As is often the case with application notes, circuit description and build details are somewhat brief; I’m posting my notes hoping that the information will be helpful for other builders. Also, since BatchPCB doubled my order, I have extra PCBs; if anyone wants to build this circuit on a professionally made PCB with just couple green wires, e-mail me – the PCB can be yours for the price of postage.
To get detailed information about the circuit operation please read the application note. Circuit description starts at page 37.
Some parts used in the original circuit are hard to impossible to find. J.W. Miller #100267 inductor specified in the application note is no longer available. I tried several different 1mH inductors – they all worked. My favorite one is Xicon 434-1120-103K, available through Mouser. The axial construction makes it easy to solder to a cable and it can also be conveniently placed inside a piece of copper pipe to make probe more directional.
CA3096 transistor array was discontinued long time ago. I substituted it with Fairchild FMB3904 and FMB3906. While not a matched pairs, they perform well. Philips makes pin-compatible matched variant of those parts, I’m planning to try it in next revision of the board to see if it makes any difference.
I also made some minor changes to the schematic, mostly to clarify things. Project files are available from downloads section. This is a preliminary version – I’m planning to re-route the board to make it easier to fit on oscilloscope’s external trigger connector. As you can see on a title picture, analog out (lower left BNC connector, the shiny one) is unusable unless external trigger input connector is placed in the corner of oscilloscope’s front panel, like on this Tektronix 475A.

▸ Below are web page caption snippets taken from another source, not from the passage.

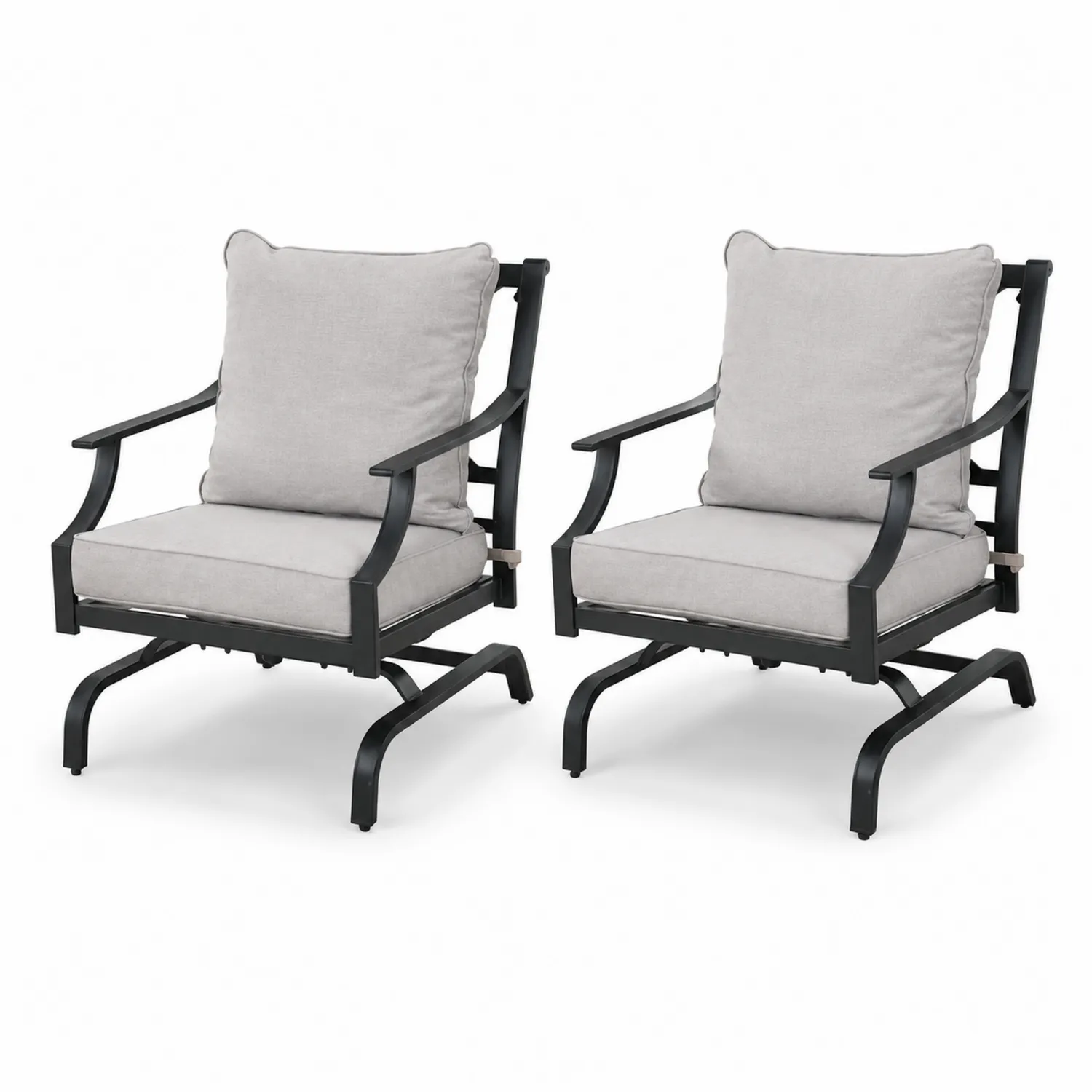 Lot de 2 fauteuils en aluminium noir avec coussins en polyester gris-Hearthlyeu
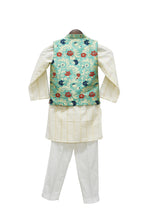 Load image into Gallery viewer, BOYS Rama Green Brocade Jacket With Kurta Pant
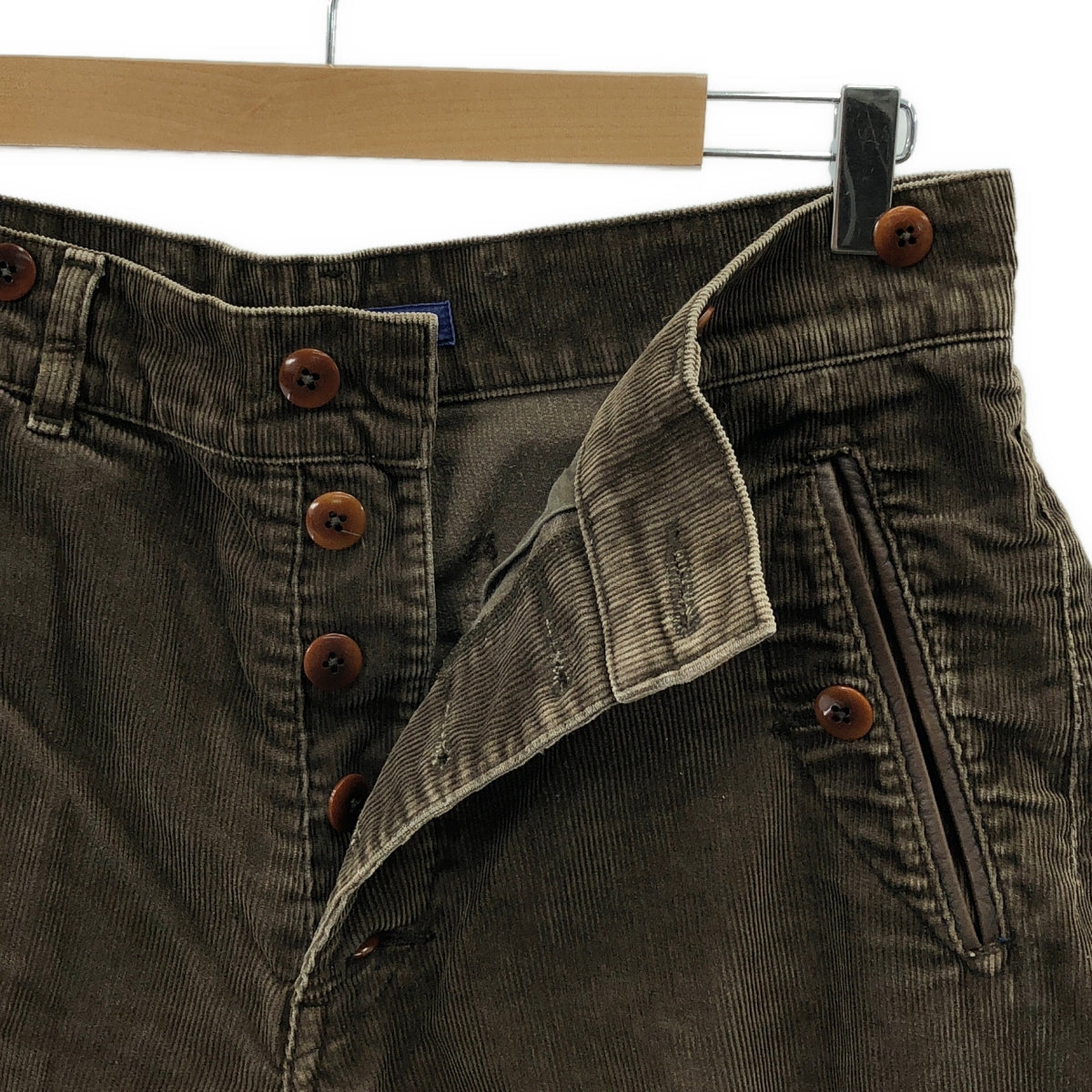 JUNYAWATANABE COMMEdesGARCONS MAN / 준야와타나베만 | 2009AW | 가죽 포켓 코듀로이 팬츠 | S | 브라운 | 남성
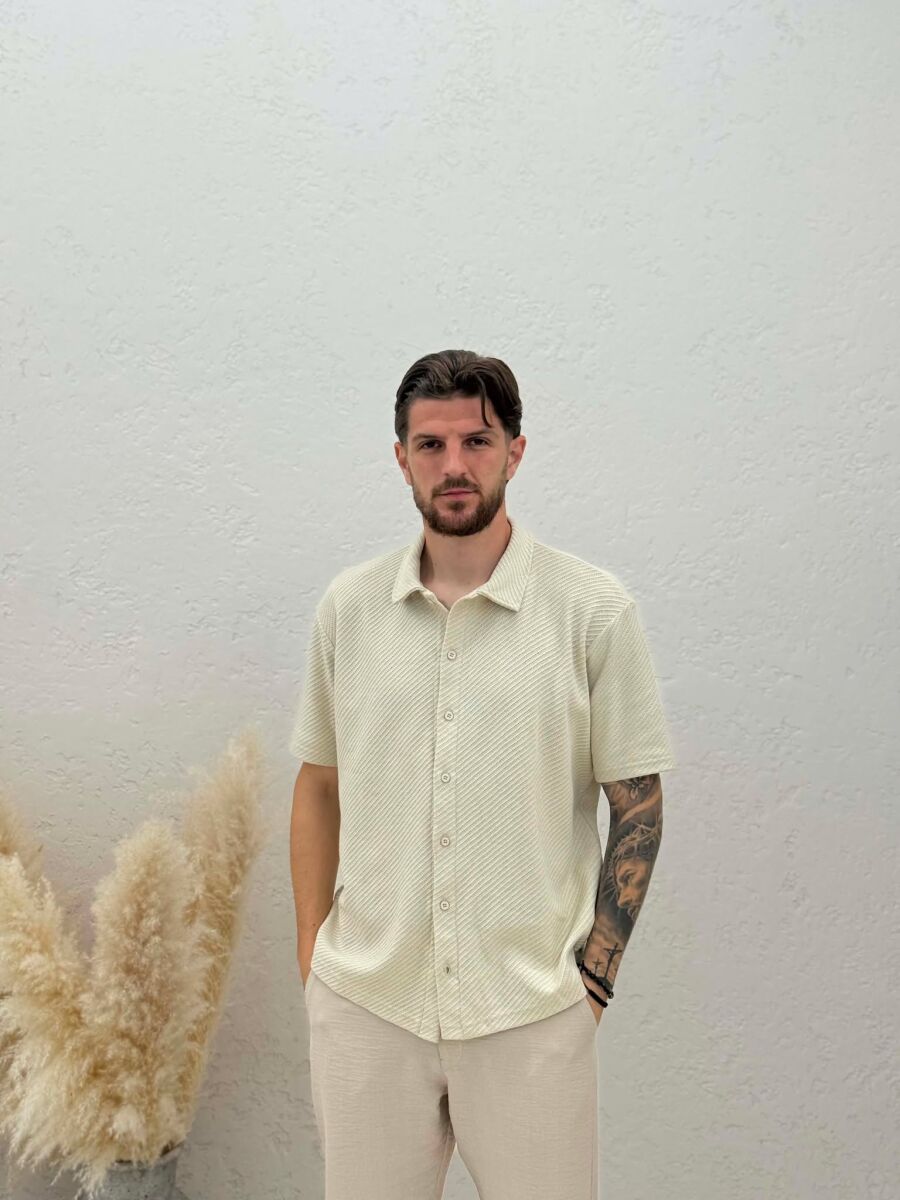 SHORT SLEEVE TEXTURED MEN SHIRT CREAM/KREM - 1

Also on a title page you can see probe compensation box. Luckily for me I had one from old times – the new ones, available from several parts distributors are ridiculously expensive. Buying old probe from eBay and cannibalizing it for its comp box would be much more economical. Don’t expect using the cable attached to the comp box though since it’s not a regular coax and won’t work. Another good source for small metal boxes with BNC connectors is used RF measurement equipment section on eBay.
Last piece of the setup – power to the amplifier, can be provided in many ways. The easiest is to utilize 5V provided by Tektronix oscilloscope probe power connector. Wall warts work well too.
Using the probe is simple. First, connect analog output to 50ohm oscilloscope input with attenuator set to 0.5V/div and digital output to oscilloscope external trigger input. Place probe inductor in the vicinity of the power inductor and observe current waveform. Adjust spacing to get good peak-to-peak amplitude without clipping. Check your digital output – you should see 5V p-p square-wave signal in phase with input signal crossing the midpoint. You now can use the digital output to trigger the ‘scope while observing output noise of the converter ( which, if your converter is good is too weak and fuzzy to give a good trigger ).
The probe is quite sensitive. Picture to the left shows typical placement. Little test fixture clamped in the Irvin clamp holds a DC-DC converter. The probe is placed on the right – it’s blue 1mH inductor held in alligator clip. The power inductor is on the left side of the converter’s board. The distance is about 1.5cm and circuit performs very well; in fact, this is the closest distance when probe signal passes first stage without clipping. It has to be noted also that the power inductor is of pot core variety and therefore radiates very weak field.
Of course, the probe amplifier can be used to condition not only inductor output but any other signal which won’t overload the input stage. Upper frequency limit is approximately 120MHz. I highly recommend building this circuit and playing with it – it is a useful aid to many common types of oscilloscope measurements.